» **Exercise prompt**: Here the job is to transcribe only the lines from the one containing "Angelruten in Aktion" through the last line below, exactly as written; please leave out pictures.

» **Dataset content**:
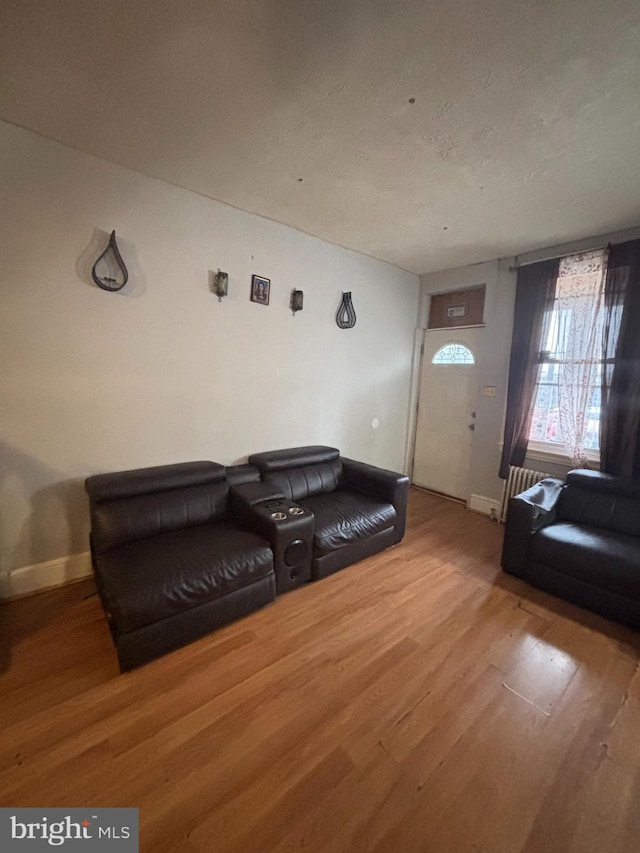 3316 Jasper St, Philadelphia, PA 19134 - living area featuring baseboards, wood finished floors, and radiator heating unit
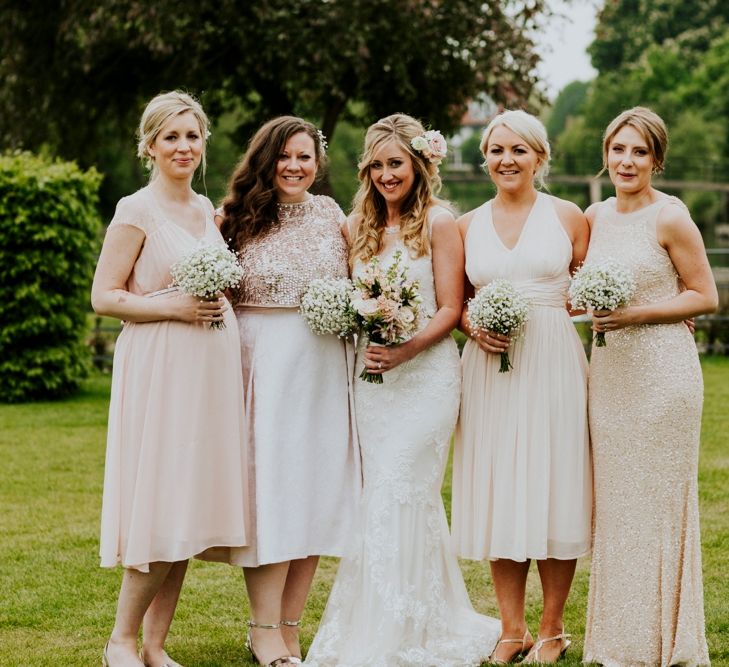 Bridesmaids in Highstreet Nude Dresses | Bride in Lace Lillian West Bridal Gown | Benjamin Stuart Photography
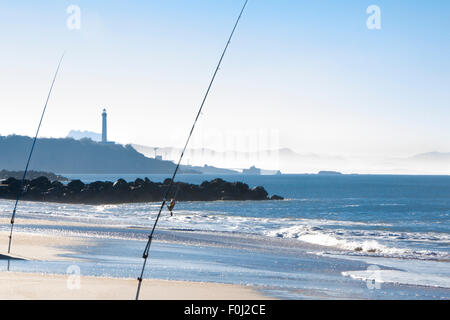 Angelruten in Aktion am frühen Nachmittag auf der Cote Basque in Biarritz mit dem Leuchtturm und dem Strand im Hintergrund. Stockfoto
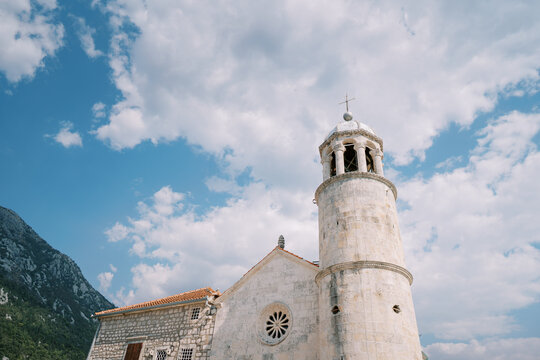 Historic seaside chapel with limestone tower. Ancient coastal church with bell tower and mountain scenery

» **Answer below**:
 Angelruten in Aktion am frühen Nachmittag auf der Cote Basque in Biarritz mit dem Leuchtturm und dem Strand im Hintergrund. Stockfoto
 Historic seaside chapel with limestone tower. Ancient coastal church with bell tower and mountain scenery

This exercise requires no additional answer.